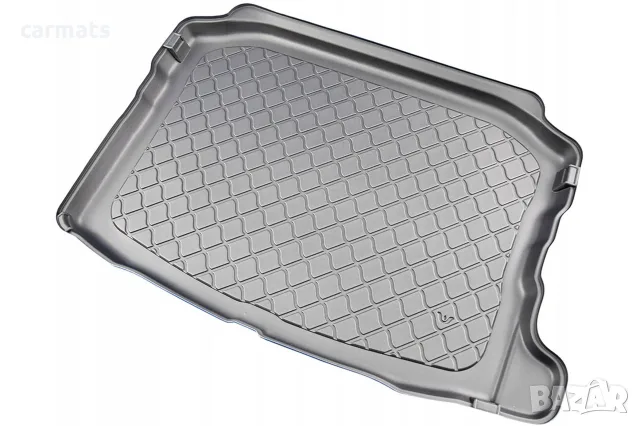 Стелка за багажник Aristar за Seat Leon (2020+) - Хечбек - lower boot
· · · · · · ·
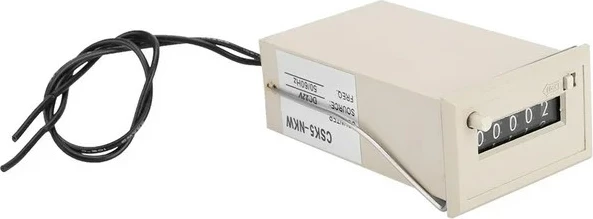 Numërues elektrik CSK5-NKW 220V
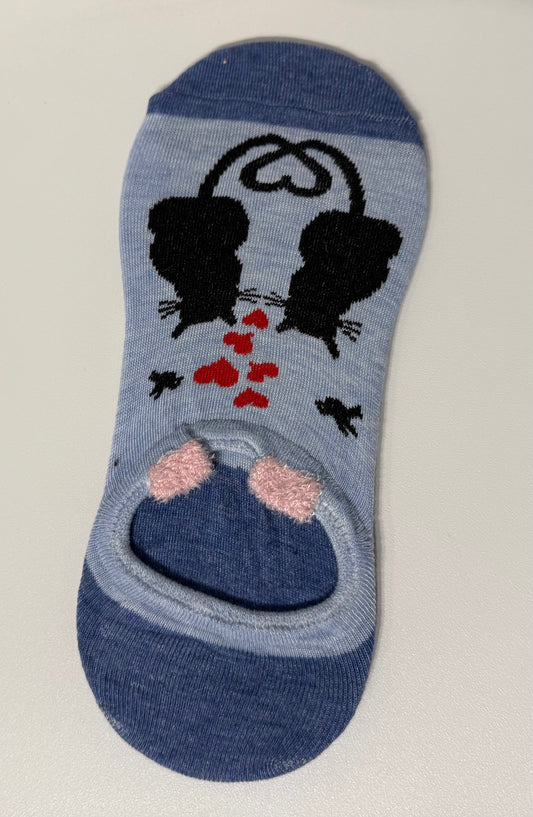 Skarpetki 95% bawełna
· · · · · · ·
→ WHAT THE TASK ASKS
From the records above, return exactly the lines running from the one that contains "Numërues elektrik CSK5-NKW 220V" down to the one that contains "Skarpetki 95% bawełna", both included, without any pictures.

→ EXERCISE ANSWER
 Numërues elektrik CSK5-NKW 220V
 Skarpetki 95% bawełna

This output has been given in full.